In April 2026, global cotton prices surged amid tightening supply and weather disruptions in key producing regions, simultaneously driving up polyester staple fiber prices. Textile mills face rising production costs and shrinking processing margins, with cost pressures now cascading downstream to fabric and apparel segments.
Supply Contraction Meets Demand Resilience
Data from the International Cotton Advisory Committee (ICAC) shows that for the 2025/26 season, global cotton production decreased month-on-month while consumption increased, further narrowing the supply-demand gap. This structural imbalance was exacerbated in April by adverse weather—drought during planting and rainfall during harvest in major producing countries—which lowered actual output expectations and fueled bullish sentiment. In China, temperature fluctuations in Xinjiang raised replanting costs and introduced uncertainty for the new season's output.

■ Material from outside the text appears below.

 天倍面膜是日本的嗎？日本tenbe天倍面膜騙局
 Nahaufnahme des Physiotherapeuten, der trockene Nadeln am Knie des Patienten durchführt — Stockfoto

Price Linkage and Substitution Effects
The rise in cotton prices has directly pushed up polyester staple fiber prices. As the primary substitute for cotton, polyester often follows cotton's upward trajectory, keeping the price spread at historically low levels. For textile mills, where raw materials account for 60%-70% of total costs, the simultaneous increase in cotton and polyester prices means rigid cost escalation. Industry data indicates that textile processing margins fell by over 5% month-on-month in April, prompting some small and medium mills to adjust product mixes by increasing blended ratios to mitigate pure cotton cost pressures.

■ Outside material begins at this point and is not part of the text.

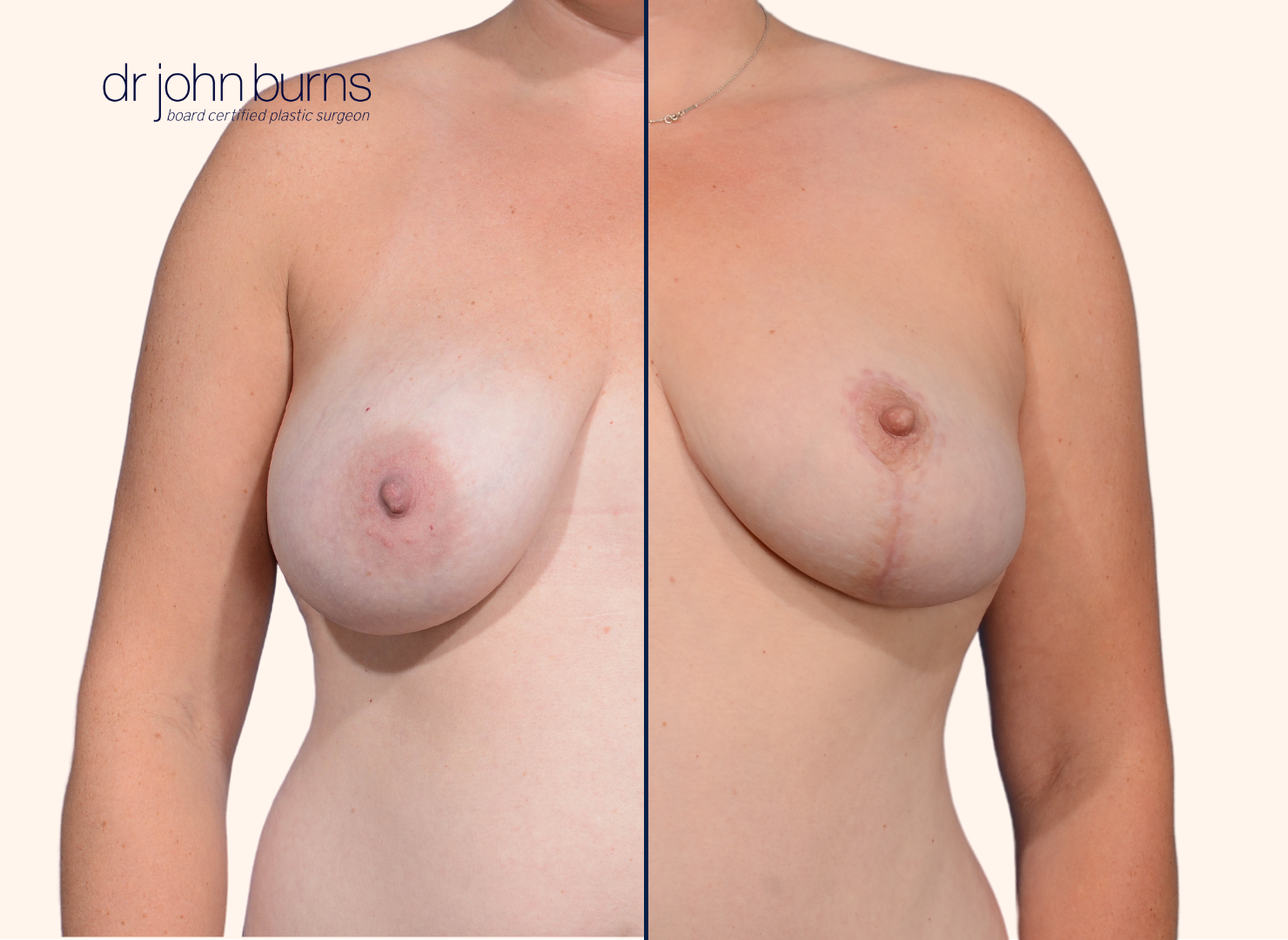 Before and after full breast lift surgery by Dr. John Burns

Transmission Down the Supply Chain
From a transmission perspective, higher cotton prices first impact spinning mills' procurement decisions. To maintain cash flow, mills adopt a hand-to-mouth buying strategy, leading to active spot market volumes but faster inventory turnover. Subsequently, cotton yarn prices rise, forcing grey fabric mills to accept higher input costs. The fabric segment typically lags by one to two months, but by late April, some weaving mills had already tested price increases of 3%-5%. Brand and buyer responses remain cautious, but if cotton prices stay elevated, autumn/winter order pricing will face significant pressure.
Regional Differentiation
Different industrial clusters show varying resilience to the price surge. Shengze and Keqiao, dominated by chemical fiber fabrics, are more affected by polyester price hikes but, due to diversified raw material bases, face less overall impact than pure-cotton regions. In Nantong and Gaoyang, where cotton dependency is high, margins are squeezed more severely, with some mills reducing operating rates to limit losses. Xinjiang-based mills, despite raw material proximity, face higher outbound transport costs, weakening their price competitiveness in domestic markets.
Outlook and Risks
From a fundamental perspective, the global cotton stock-to-use ratio for 2025/26 is expected to hit multi-year lows, with the supply tightness unlikely to ease in the near term. Weather remains the biggest variable—major Northern Hemisphere producers are entering the critical growing season, and any anomalies could trigger further price volatility. Additionally, attention should be paid to Fed monetary policy's impact on commodity valuations and whether China's reserve release policies may intervene to curb rapid price increases.